Eyes raised to the plane overhead, I feel a jolt of anxiety hum through my body. These smoky skies, droning propellers, and distant flames are all too familiar. My home lies beneath the CalFire flight path for the Mendocino Complex Fires, which began a week ago, and the burr of air traffic both incites and soothes my frazzled nerves. Knowing we are receiving help from near and far calms my fears, but the dark plumes rising from our hillsides leads me to reflect on the hundreds of families who lost homes in the October fires. I can feel the collective anxiety rising in our community amidst blackouts and smoky skies. How can we be here again so soon? How will we ever recover?
Thankfully, the work that the Community Foundation has been able to do as stewards of the Disaster Fund and chair of Mendocino-ROC, the long-term recovery committee, has provided an answer to the latter question. We will recover one step at a time - one donation at a time, one grant at a time - to help fire survivors rebuild their lives.

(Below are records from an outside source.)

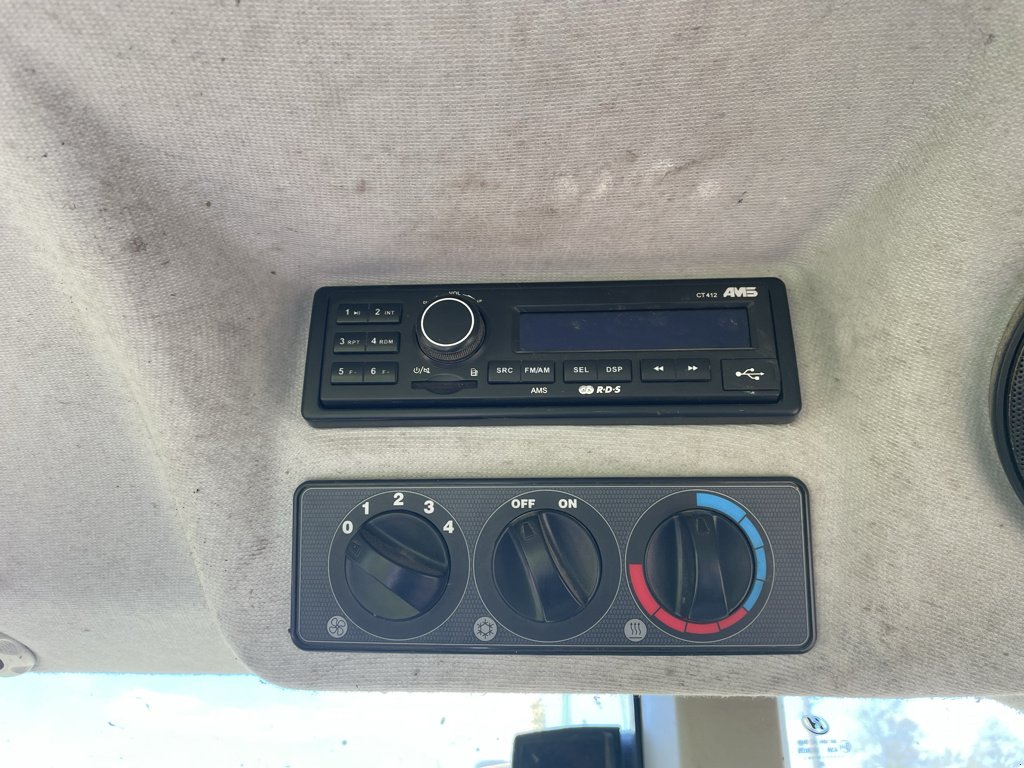 Traktor του τύπου Massey Ferguson 5710M, Gebrauchtmaschine σε MALESTROIT (Φωτογραφία 9)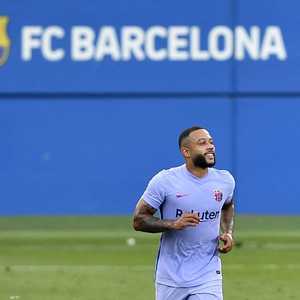 ديباري يحتفل بعد إحرازه أول هدف مع برشلونة.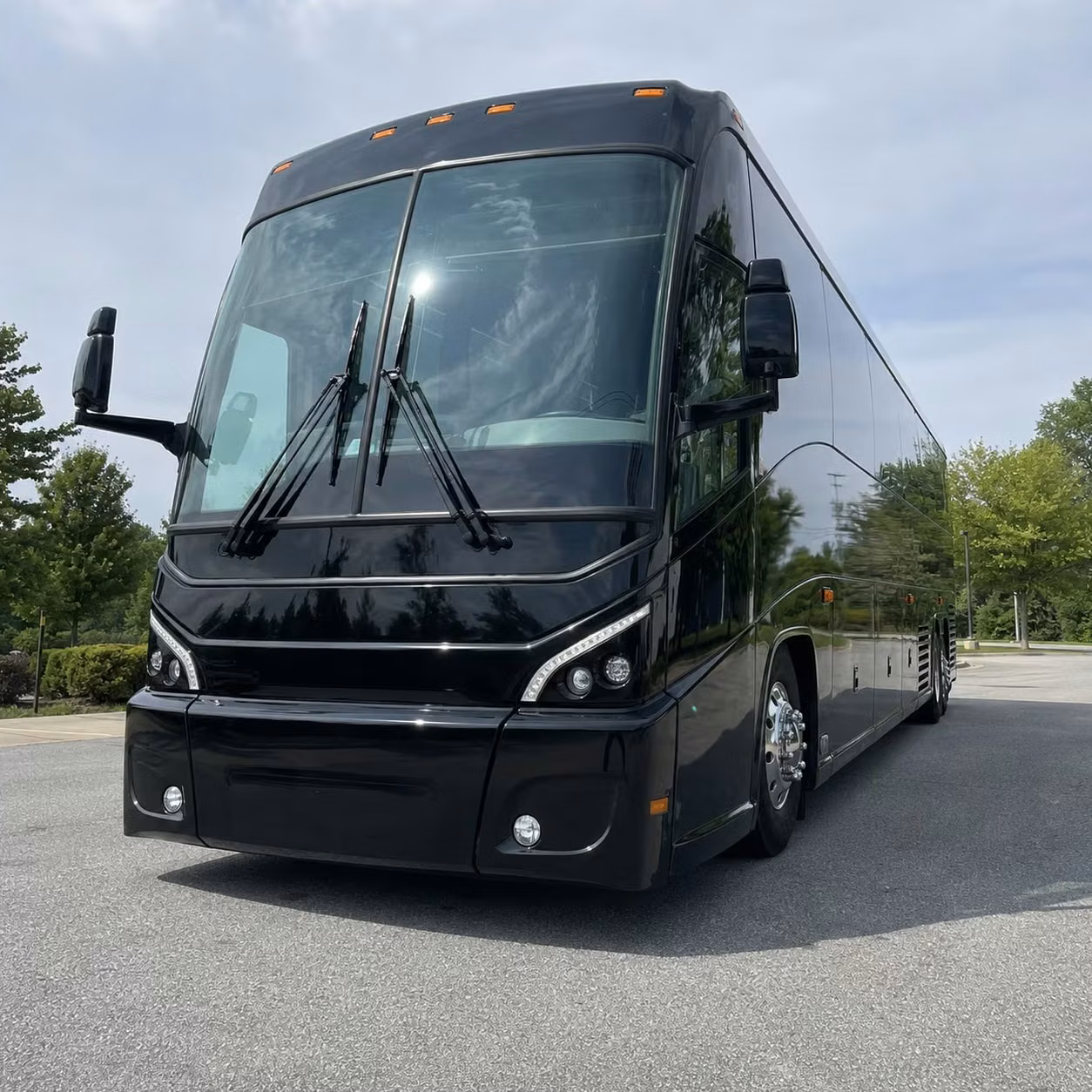 bus rentals for new rochelle concerts music festival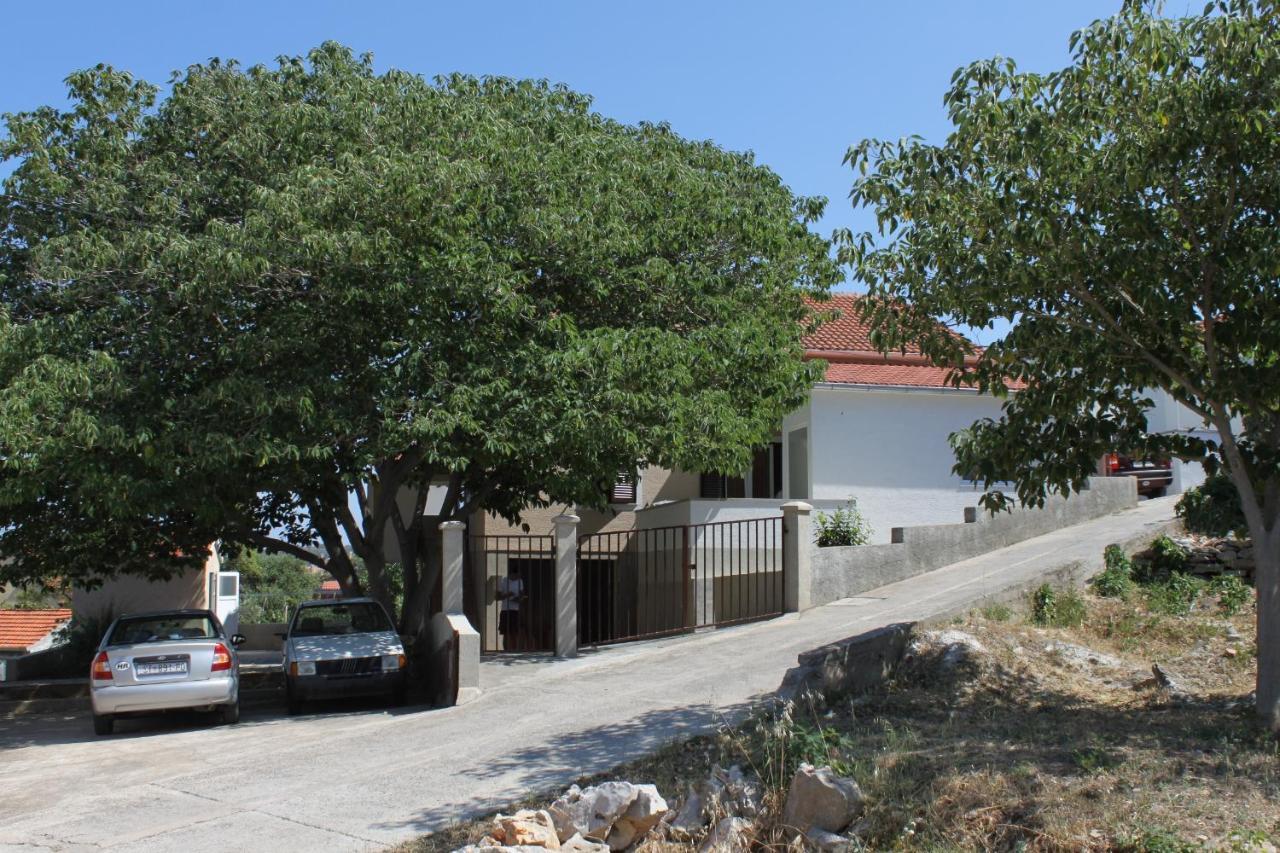 Apartments With A Parking Space Sali, Dugi Otok - 8154 Dış mekan fotoğraf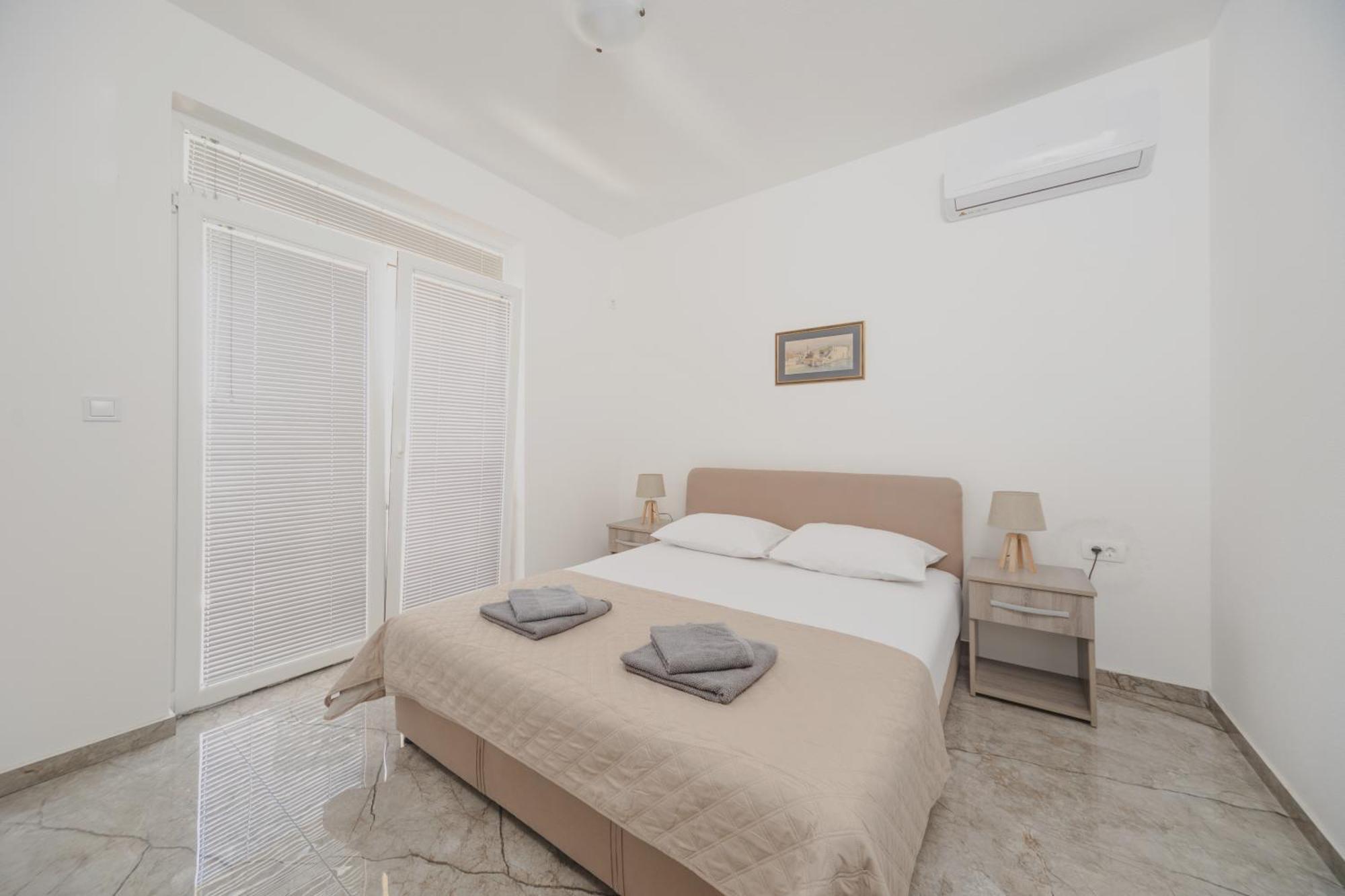 Apartmani Agape Петровац Экстерьер фото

On the eve of these new fires we celebrated the granting of $385,341 for long-term housing to families that lost everything in the October fires. By giving back we are creating pathways to recovery for the fire survivors, while developing a system to provide future support in the face of a new disaster.
The Mendocino-ROC Housing Assistance Program, provides funds (in the form of grants) to survivors to secure long-term housing. These grants can include down payment assistance, building materials, or gap funding. Perhaps one of the greatest achievements has been our ability to leverage Disaster Fund dollars with community partners to stretch our resources further. To date, the Disaster Fund has contributed $243,600 in long-term housing assistance, with an additional $141,741 contributed by North Coast Opportunities (NCO), South Ukiah Rotary, and the United Way of the Wine Country.
For the cost of less than a single home, we have supported 16 households in returning home. These include 21 adults, 15 children, 15 seniors, and four disabled people. The money they have received is being used to secure four manufactured homes, six Hope City volunteer-built homes, building supplies to rebuild four homes, and assisting one renter family in becoming homeowners by providing down-payment assistance.
There is a significant learning curve to finding the best pathways to support fire survivors, understanding what resources exist, and defining criteria that allow us to maximize the impact of our funds. These grants are an exciting milestone in demonstrating our systems are in place and working to support recovery and rebuilding in the community. We celebrate these successes, even as we keep an eye towards the great effort that still lies ahead.
Our ability to help fire survivors is rooted in our generosity as individuals and as a community. A new wave of Disaster Fund donations is already rolling in, and with the demonstrated success of our recovery infrastructure, made up of volunteers and workers from near and far, we know those dollars can reach fire survivors most in need. Survivors from the Redwood Complex Fire face re-traumatization, while those impacted by the current fires await news. Our work continues, and the generosity of donors makes our efforts possible. As for those droning propellers buzzing into the gathering smoke, we know help is on the way.
With this thought I release the anxiety winding through my limbs, and instead focus on the relief that comes with the knowledge that we are embraced by neighbors throughout the nation in our recovery efforts now and in the future.